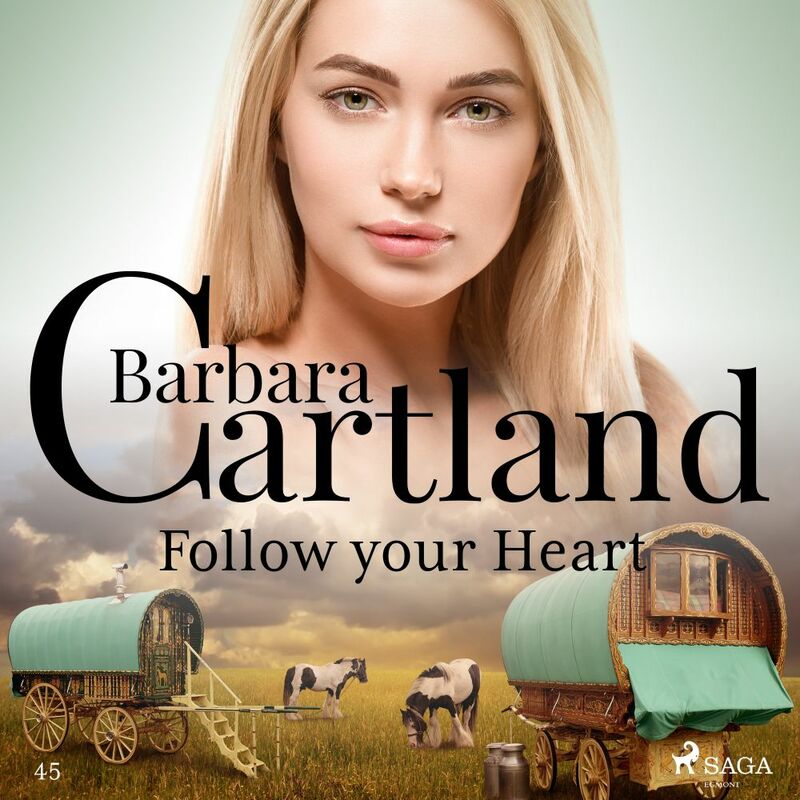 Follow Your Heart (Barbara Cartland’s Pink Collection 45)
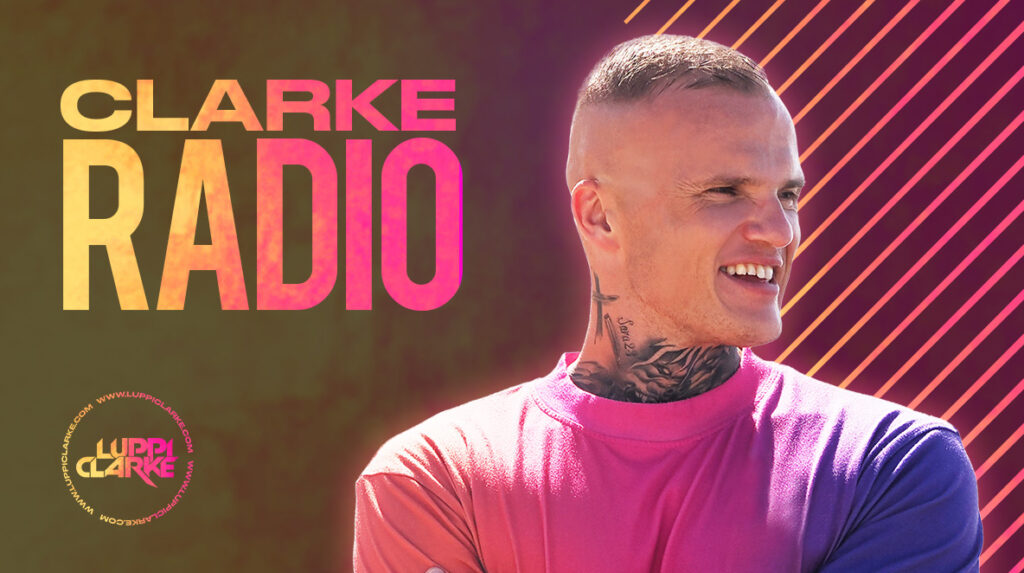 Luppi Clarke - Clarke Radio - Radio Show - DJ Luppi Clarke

+---+

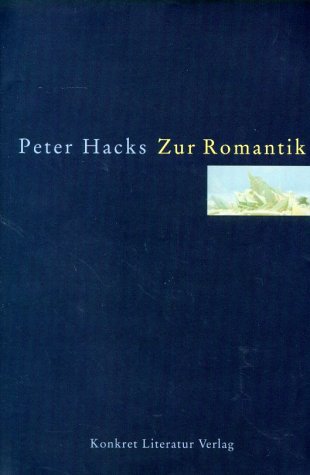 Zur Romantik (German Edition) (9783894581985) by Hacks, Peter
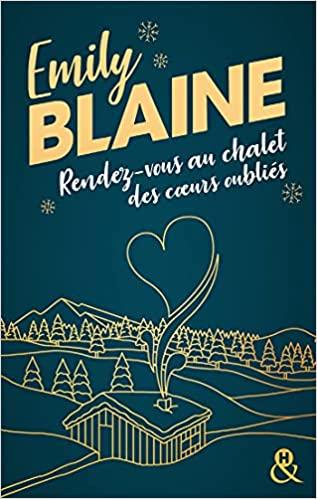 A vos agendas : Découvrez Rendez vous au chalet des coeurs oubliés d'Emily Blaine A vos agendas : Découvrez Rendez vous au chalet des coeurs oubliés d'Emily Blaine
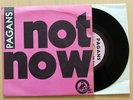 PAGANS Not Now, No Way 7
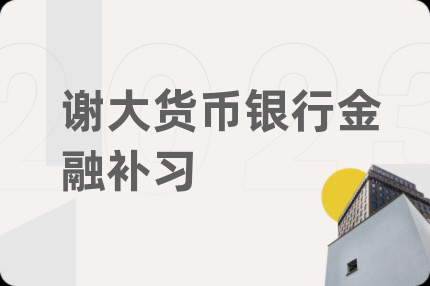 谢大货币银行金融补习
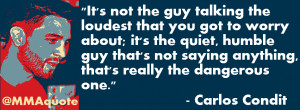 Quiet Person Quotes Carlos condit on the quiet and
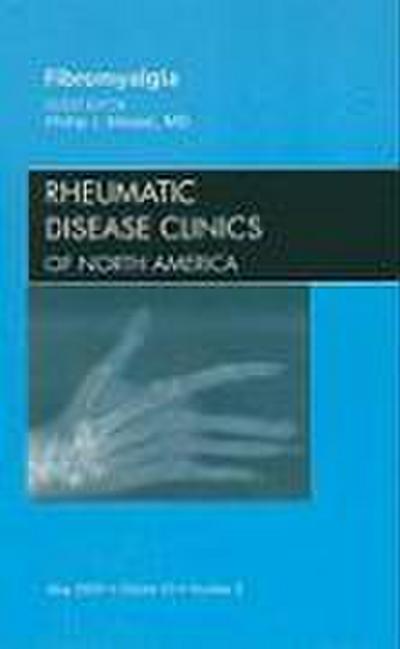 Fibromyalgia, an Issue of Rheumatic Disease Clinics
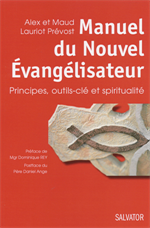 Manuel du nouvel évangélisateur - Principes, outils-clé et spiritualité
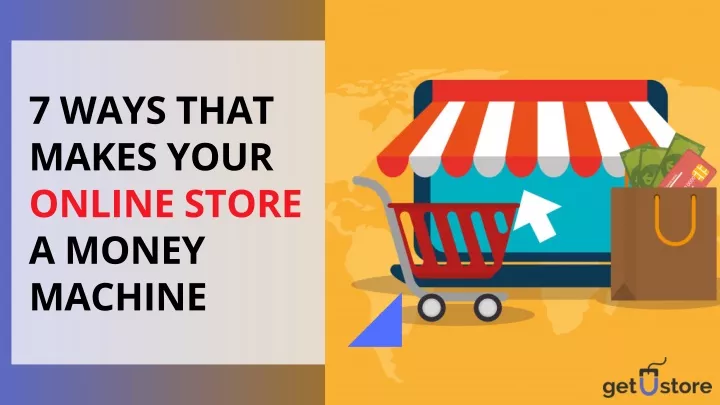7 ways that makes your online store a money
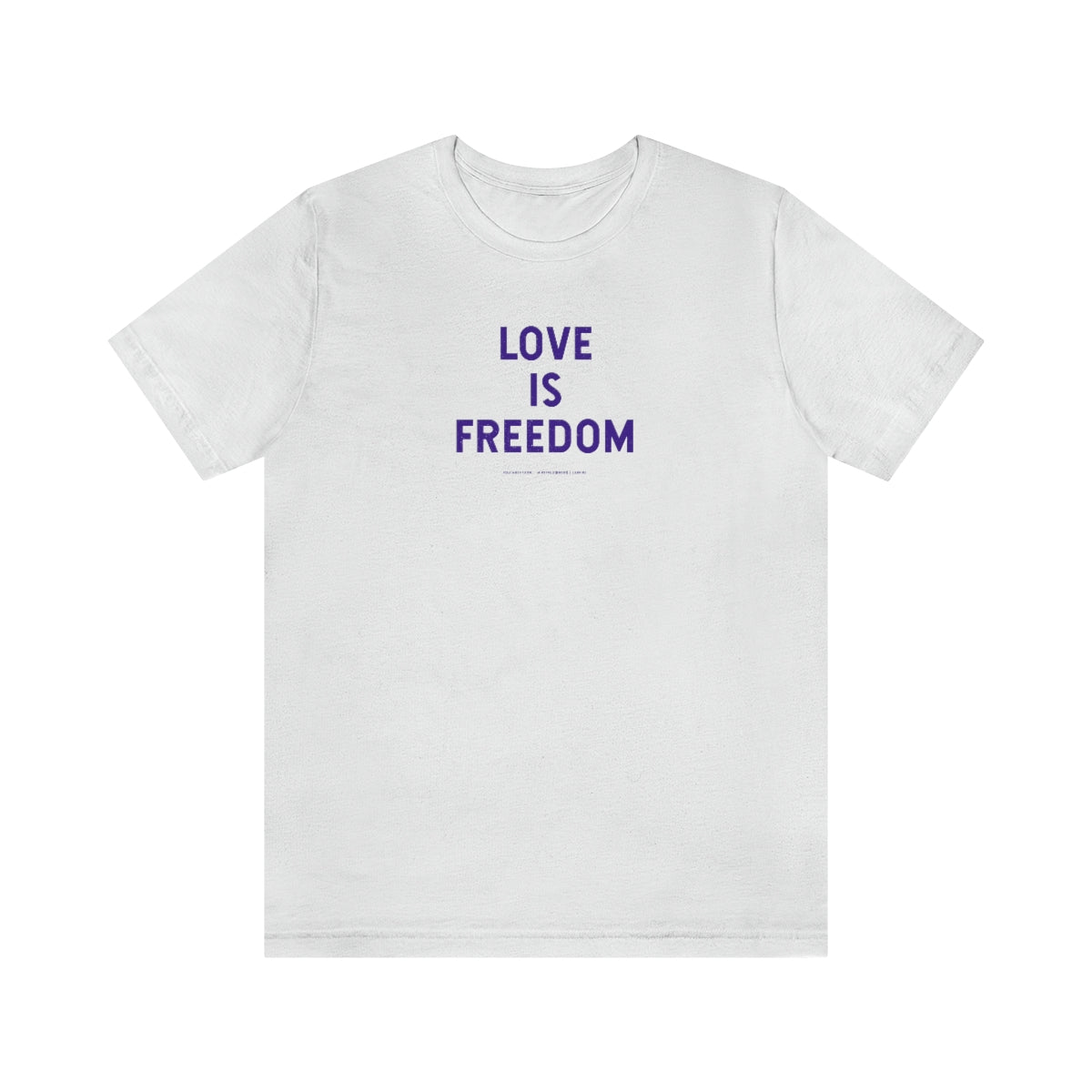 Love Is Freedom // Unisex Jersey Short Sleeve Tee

+---+

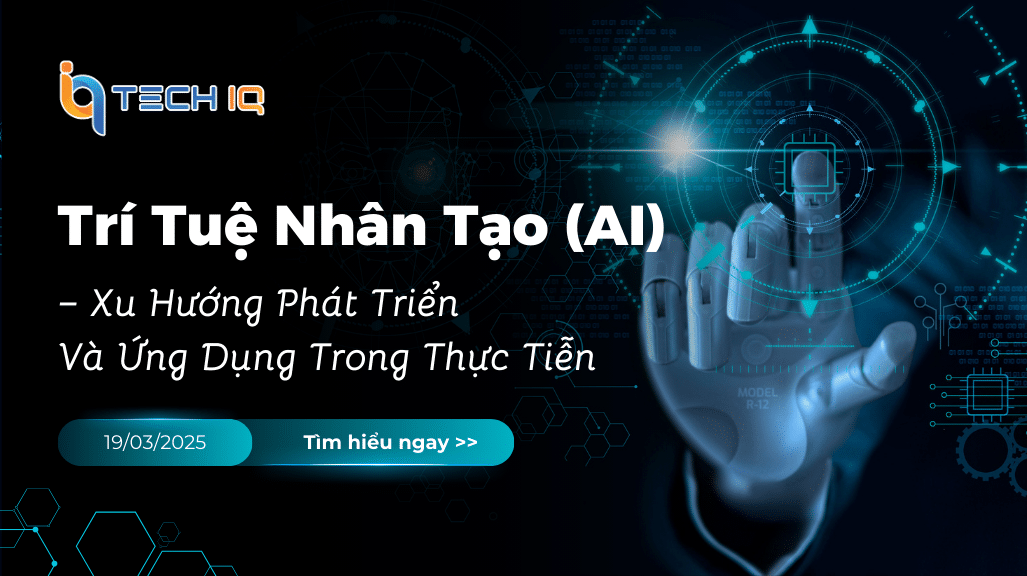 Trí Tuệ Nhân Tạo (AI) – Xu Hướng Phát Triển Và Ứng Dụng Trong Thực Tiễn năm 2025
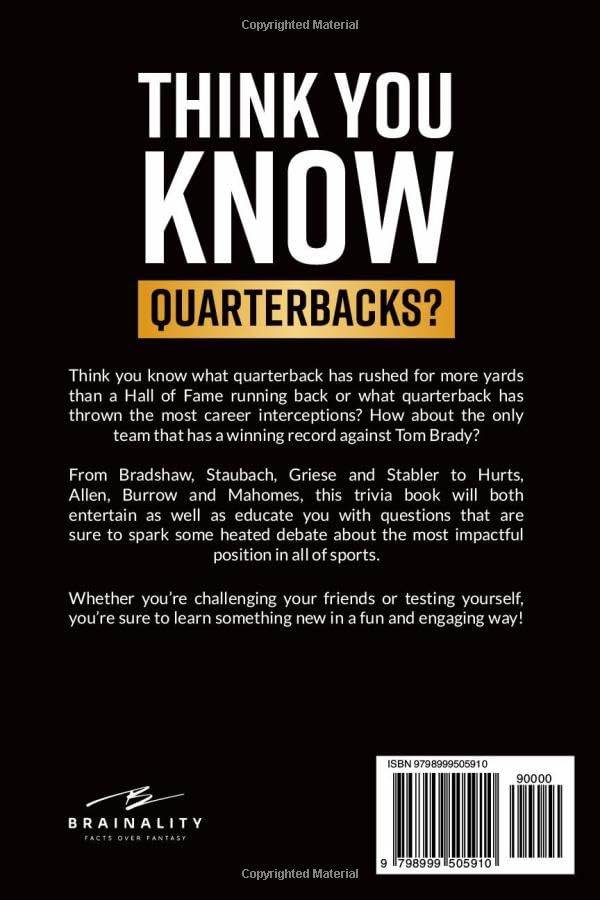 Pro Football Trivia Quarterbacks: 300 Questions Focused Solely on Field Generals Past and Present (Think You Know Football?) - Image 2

+---+

Quote the data above exactly from the line with "Fibromyalgia, an Issue" to the line with "Love Is Freedom", both ends counted, and nothing else. Pictures don't go in.

Solution to the exercise:
 Fibromyalgia, an Issue of Rheumatic Disease Clinics
 Manuel du nouvel évangélisateur - Principes, outils-clé et spiritualité
7 ways that makes your online store a money
 Love Is Freedom // Unisex Jersey Short Sleeve Tee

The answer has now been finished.